» **WHAT TO WORK ON**
Omit every picture and write out the rest of the records exactly.

EXTRACTED ENTRIES: Begin

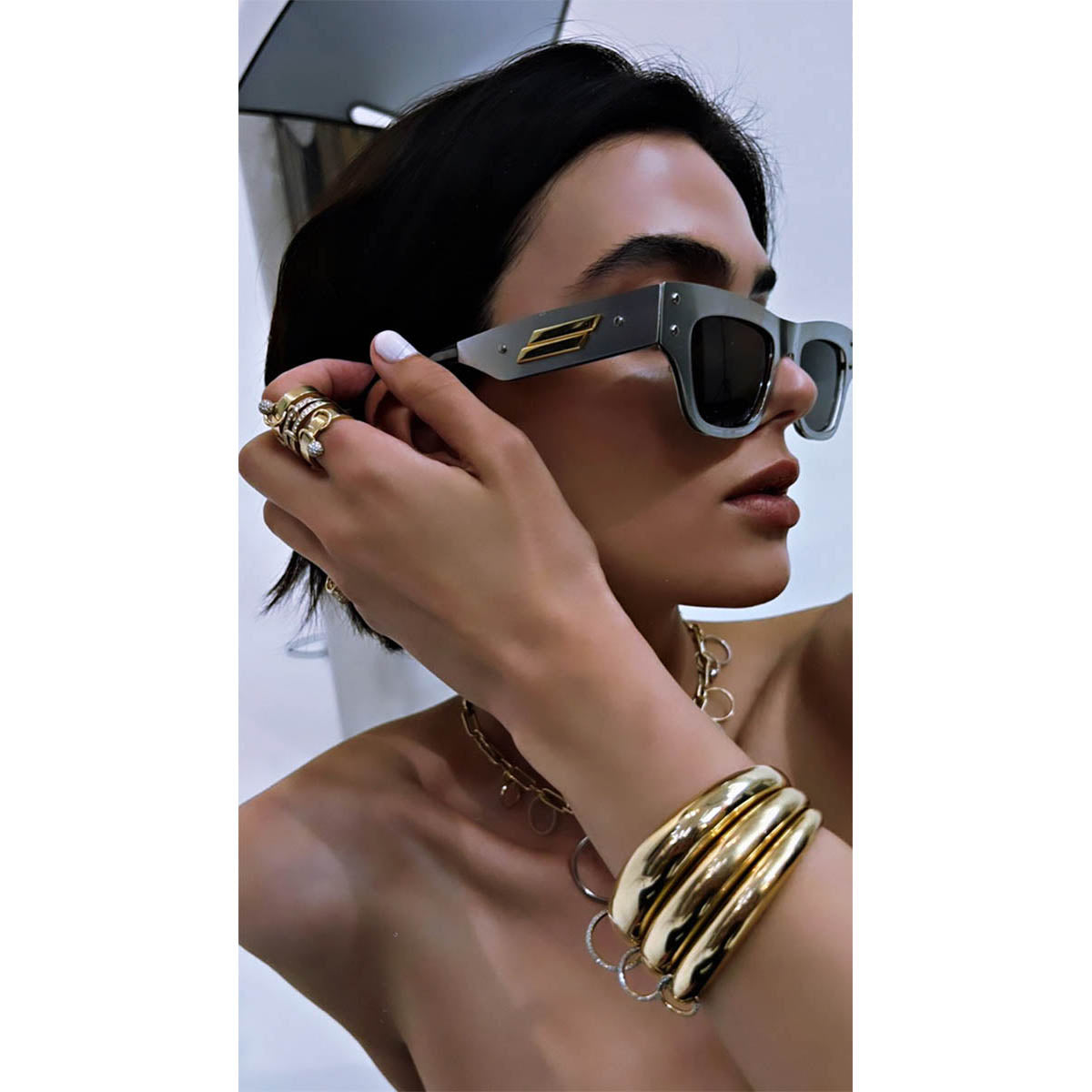 Gilded Loop Kelepçe - Aven & Laurel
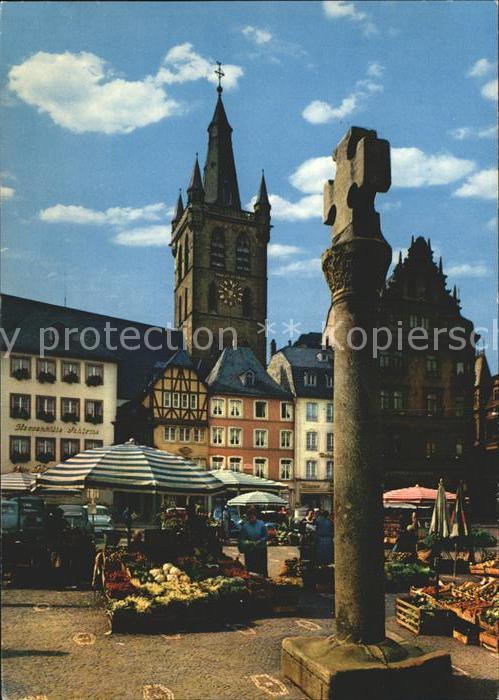 Trier Hauptmarkt mit Marktkreuz und St. Gangolf-Kirche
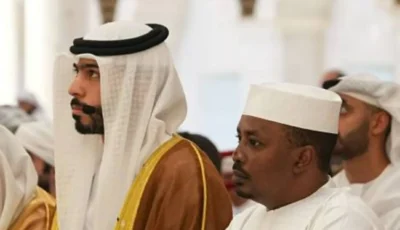 رئيس تشاد يؤدي صلاة الجمعة في جامع الشيخ زايد الكبير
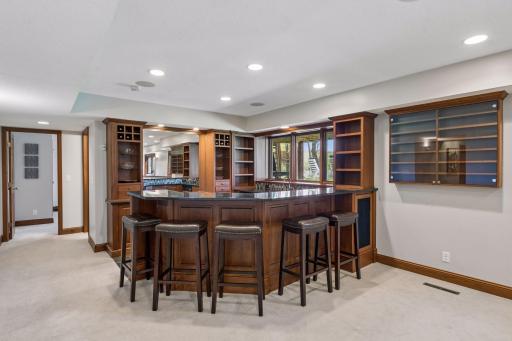 20150 Sweetwater Curve, Excelsior, MN 55331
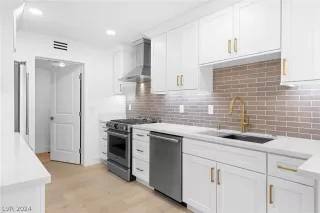 Photo #6: 2595518 Listing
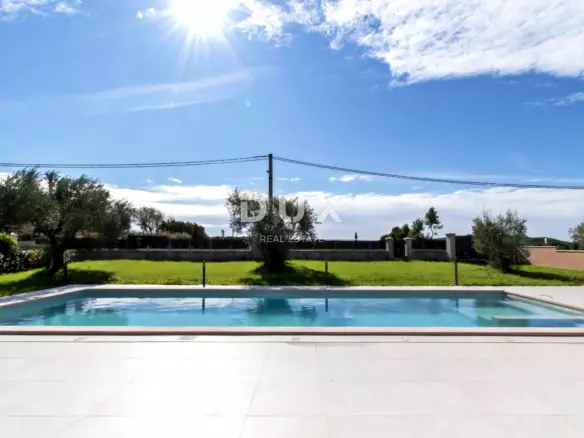 4-bedroom Detached House In Vrsar, Croatia (400 M²)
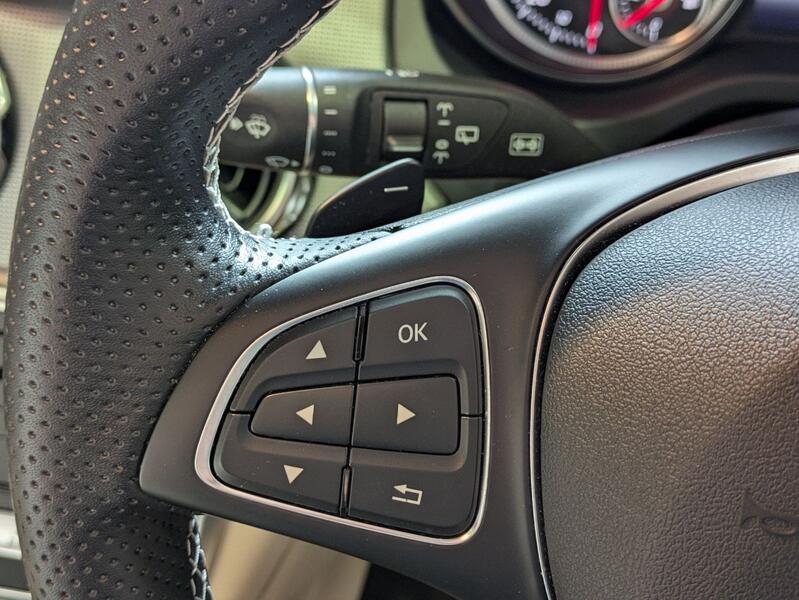 MERCEDES-BENZ GLA CLASS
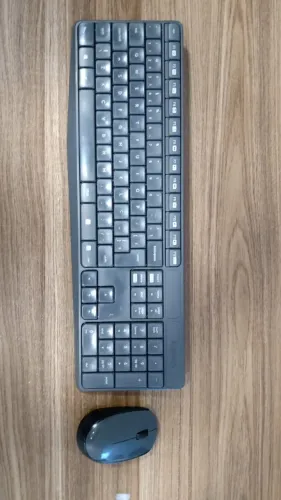 Vendo kit teclado + mouse sem fio Logitech MK345, em excelente estado de conservação.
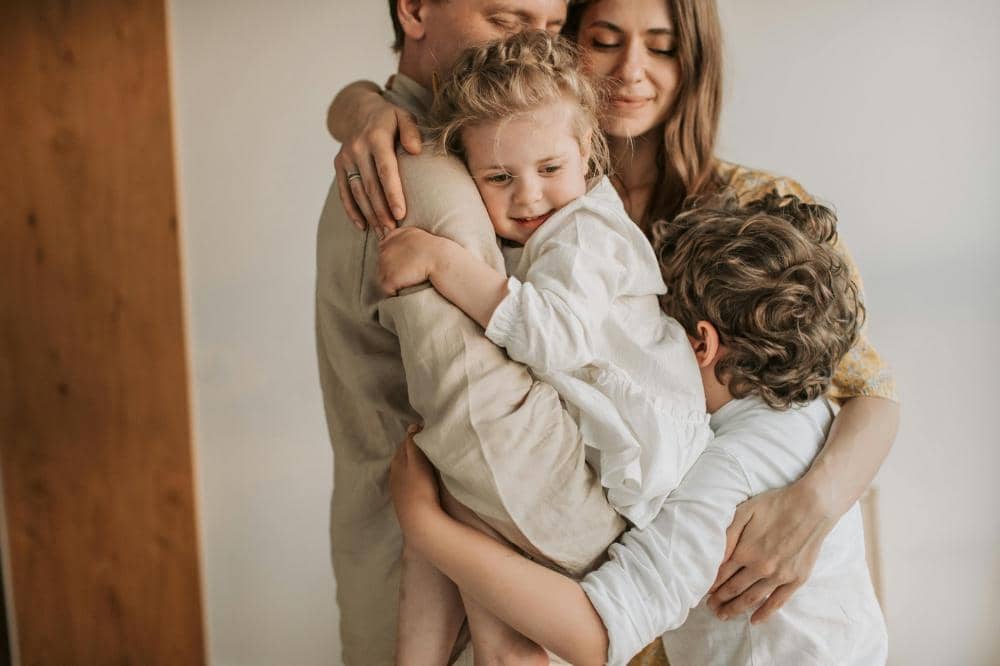 Keluarga sedang berpelukan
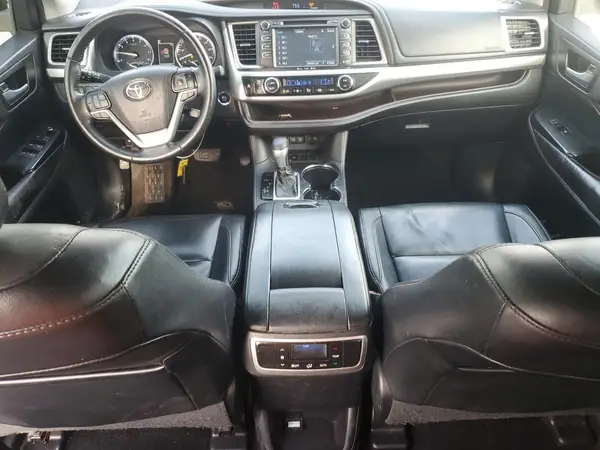 5TDKZRFH0HS221932 2017 TOYOTA HIGHLANDER - Image 8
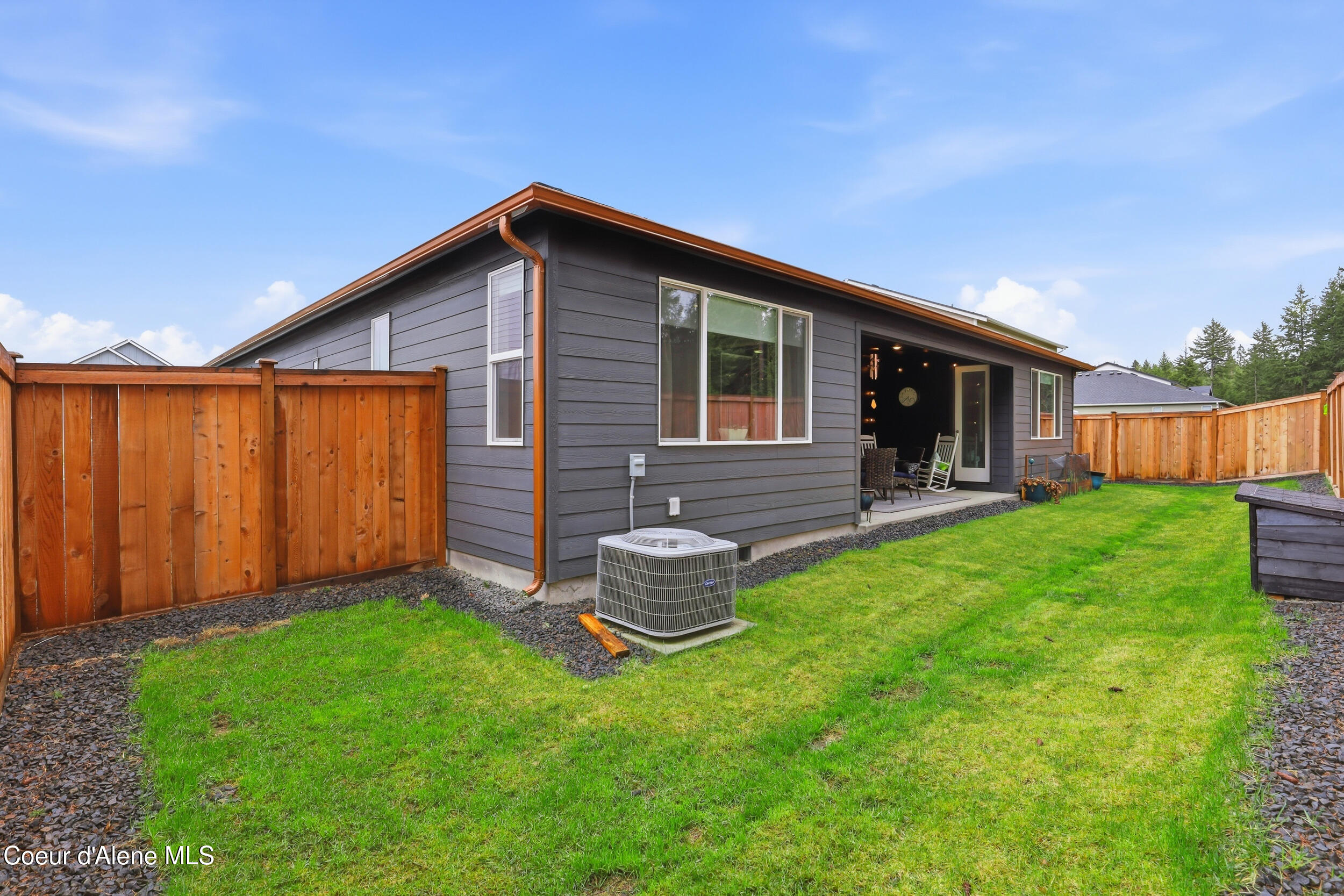 248 E Sandmyrtle AVE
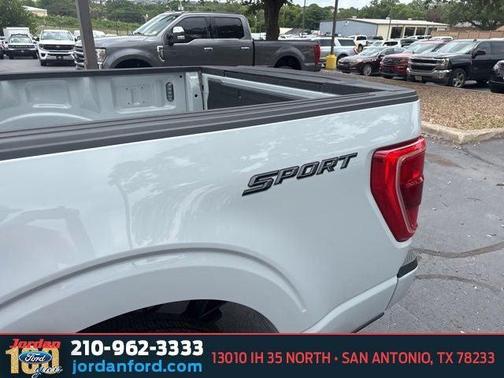 AVALANCHE 2023 Ford F-150 XLT
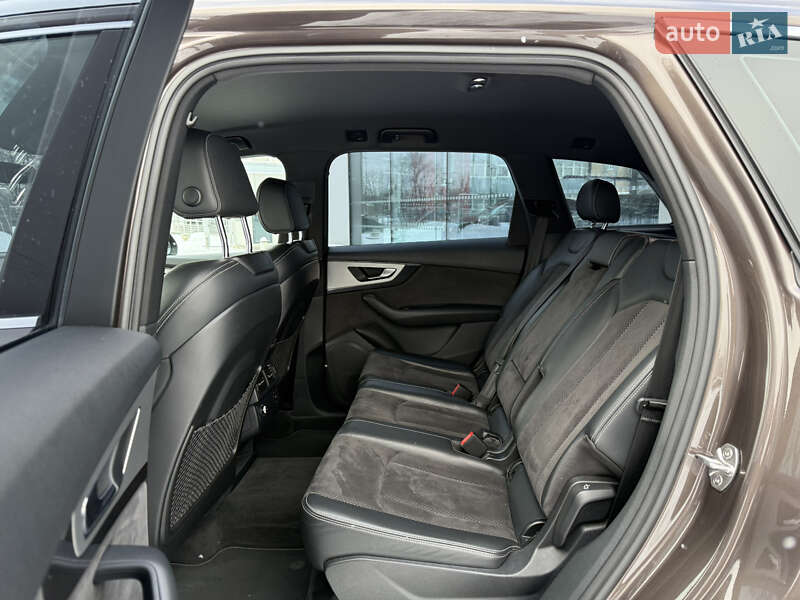 Внедорожник / Кроссовер Audi Q7 2017 в Харькове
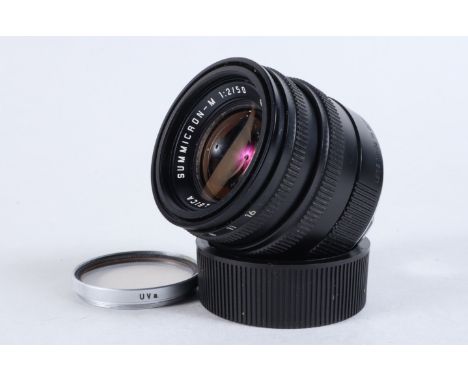 A Leica Summircron M 50mm f/2 E 39 Lens, black, made in Germany, serial no 3669954, 1994, barrel G-VG, some light wear, eleme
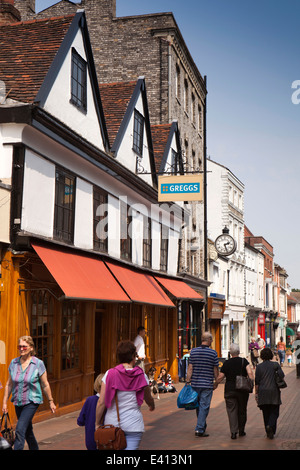 Royaume-uni l'Angleterre, dans le Suffolk, Bury St Edmunds, Abbeygate Street, Greggs shop dans un immeuble historique Banque D'Images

EXTRACTED ENTRIES: End

» **ANSWER BOX**
 Gilded Loop Kelepçe - Aven & Laurel
 Trier Hauptmarkt mit Marktkreuz und St. Gangolf-Kirche
 رئيس تشاد يؤدي صلاة الجمعة في جامع الشيخ زايد الكبير
 20150 Sweetwater Curve, Excelsior, MN 55331
 Photo #6: 2595518 Listing
 4-bedroom Detached House In Vrsar, Croatia (400 M²)
 MERCEDES-BENZ GLA CLASS
 Vendo kit teclado + mouse sem fio Logitech MK345, em excelente estado de conservação.
 Keluarga sedang berpelukan
 5TDKZRFH0HS221932 2017 TOYOTA HIGHLANDER - Image 8
 248 E Sandmyrtle AVE
 AVALANCHE 2023 Ford F-150 XLT
 Внедорожник / Кроссовер Audi Q7 2017 в Харькове
 A Leica Summircron M 50mm f/2 E 39 Lens, black, made in Germany, serial no 3669954, 1994, barrel G-VG, some light wear, eleme
 Royaume-uni l'Angleterre, dans le Suffolk, Bury St Edmunds, Abbeygate Street, Greggs shop dans un immeuble historique Banque D'Images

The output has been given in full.